REQUIREMENT
Set down exactly, from the records below, the line with "Mack Titan TD 713 Tracteur routier" through the line with "Used 2018 Volkswagen Passat 2.0T SE image 11", and nothing else.

PROVIDED INFORMATION
------------------------------------------------------------

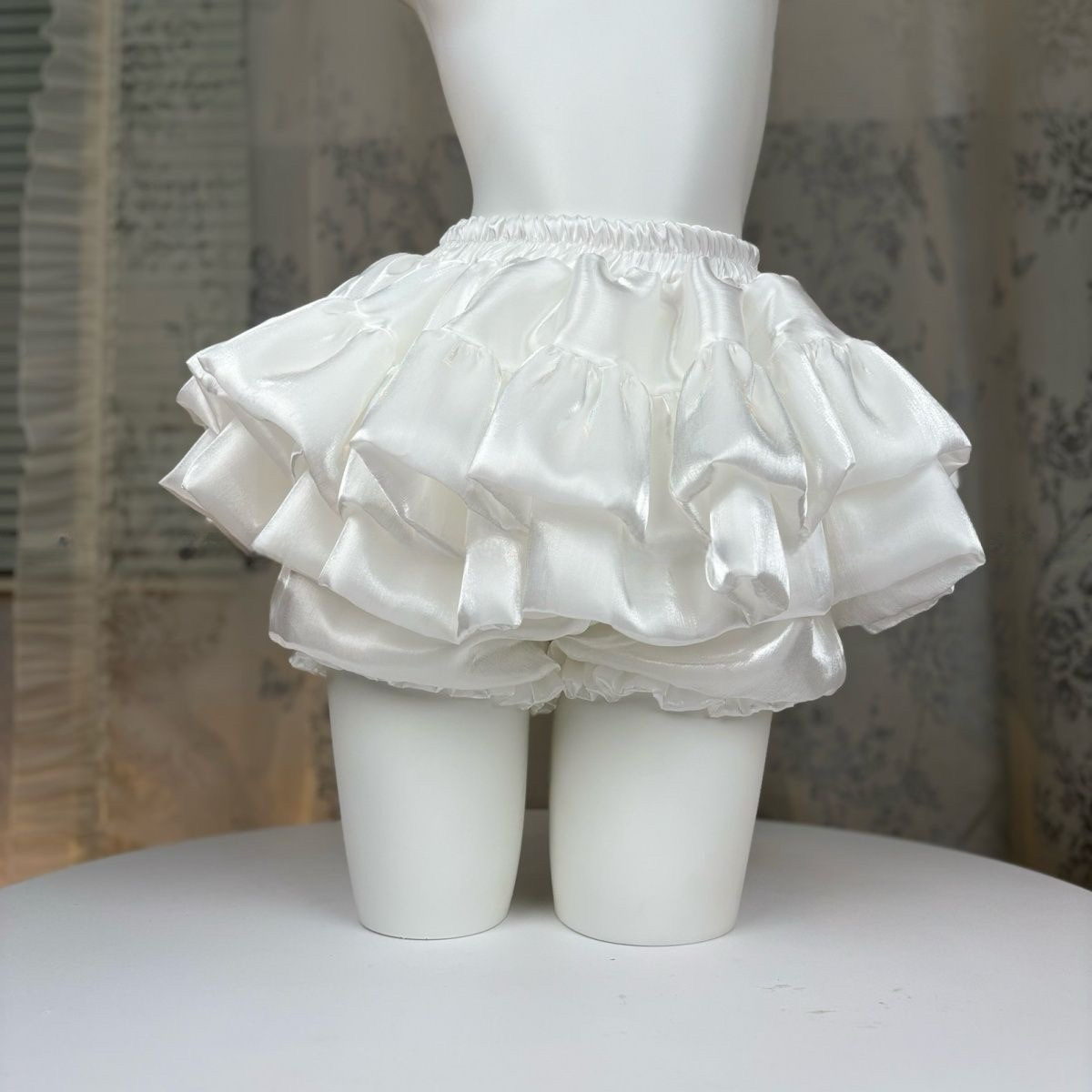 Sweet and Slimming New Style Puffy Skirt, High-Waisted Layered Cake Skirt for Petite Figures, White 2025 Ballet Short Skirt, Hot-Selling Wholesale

------------------------------------------------------------

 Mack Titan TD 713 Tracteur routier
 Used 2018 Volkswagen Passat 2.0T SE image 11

------------------------------------------------------------

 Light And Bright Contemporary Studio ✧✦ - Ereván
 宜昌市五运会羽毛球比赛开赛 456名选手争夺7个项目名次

------------------------------------------------------------

REPLY TO THE TASK
 Mack Titan TD 713 Tracteur routier
 Used 2018 Volkswagen Passat 2.0T SE image 11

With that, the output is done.